Перед отъездом мне вручают учебники, которые я не смогу увезти во Францию, поскольку они очень тяжелые. Но у меня будет возможность просмотреть их в поезде: не знаю, приветствовать их или списать на «русскую отсталость», но там гораздо меньше картинок, чем в наших…
Итак, я выхожу из французской гимназии с довольно тяжелым сердцем, прощаясь с учениками и учителями. Какой бы различной ни была ситуация в нынешней Франции и России, ясно, что общее у нас есть: эволюция сегодняшнего мира не способствует ни у нас, ни у них гуманистическим формам обучения. Как мне все это подтверждали, «это конец интеллигенции». Это будет означать в той или иной степени снижение качества образования. Интеллигенция — это чисто русское понятие, класс (прослойка), который с трудом выжил в советскую эпоху. Мы часто спорили, было ли что-либо подобное во Франции. Ирина Колотушкина в одной из своих статей общим для русской и французской интеллигенции назвала «представлять себя носителями и глашатаями общественных ценностей» во имя «общечеловеческих ценностей эпохи просвещения». Но русская интеллигенция на долгое время была отмечена жертвенностью офицеров и молодых свободомыслящих дворян в 1825 году, которые разделяли ценности свободы, приходящие из Европы, и мессианским образом пытались приобщить к ним русский народ, безгранично в него веря.

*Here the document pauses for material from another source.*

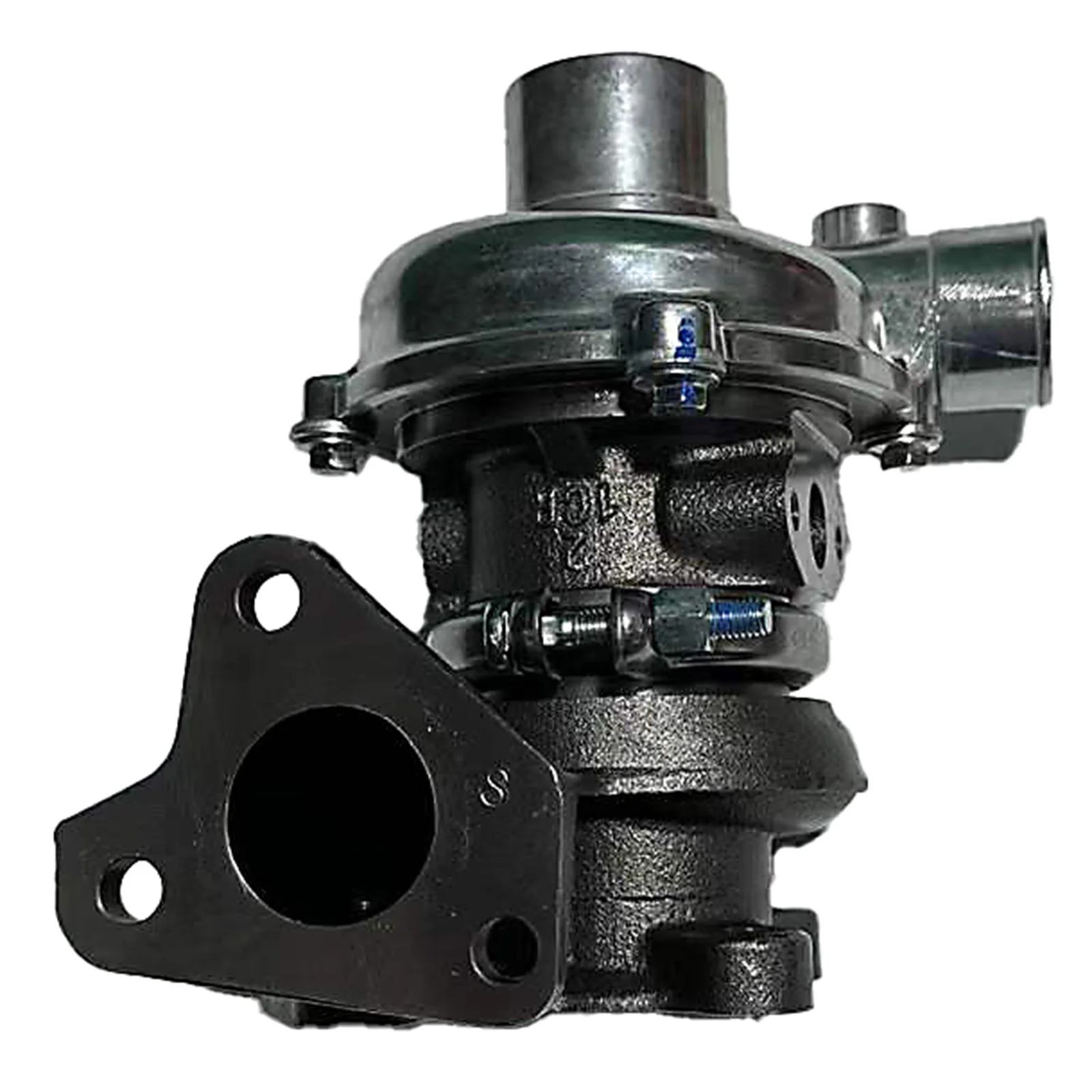 Turbocharger VA410146 For Kobelco Engine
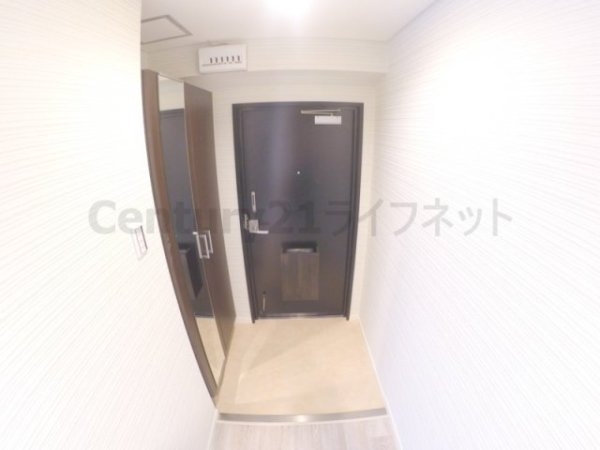 ネオハイツ第3新大阪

Следующее различие, на мой взгляд, между Россией и Францией в том, что принадлежность к интеллигенции в России не означает статус интеллектуала, философа, мыслителя, писателя, а в более широком смысле — выбор образа жизни, в которой большое место отводится культуре, книгам, общению, музыке… Все, кто знал Россию или страны «востока» до 1991 года, свидетельствуют: интеллигенция, которая должна была замкнуться в самой себе, чтобы избежать систематического уничтожения, развивала такие ценности, как юмор, любовь к книгам, к размышлениям, искусству, мысли… Закончила она тем, что смешалась с диссидентством, — не в смысле прямых политических выступлений, в большинстве случаев невозможных, пресекаемых и подавляемых, — а в смысле ведения образа жизни, вызывавшего у нас восхищение: небольшие квартирки, иногда однокомнатные, простая маленькая кухонька с диваном у стены, но до потолка забитая книгами, картинами, старинными предметами. Кошка на софе, остатки еды на тарелке, водка, выставленная за окном для охлаждения, портрет Лермонтова на стене или рисунок импрессионистов и повсюду книги… Никогда пропасть между русской интеллигенцией и французскими интеллектуалами, даже самыми ярыми противниками коммунизма, не была так глубока. Что касается «сторонников» или «сочувствующих» коммунизму, то судьба диссидентов вообще никогда не была в сфере их внимания… Ни одни, ни другие никогда не пробовали жить в одной комнате в коммуналке, но среди книг, картин и остатков серебряных приборов…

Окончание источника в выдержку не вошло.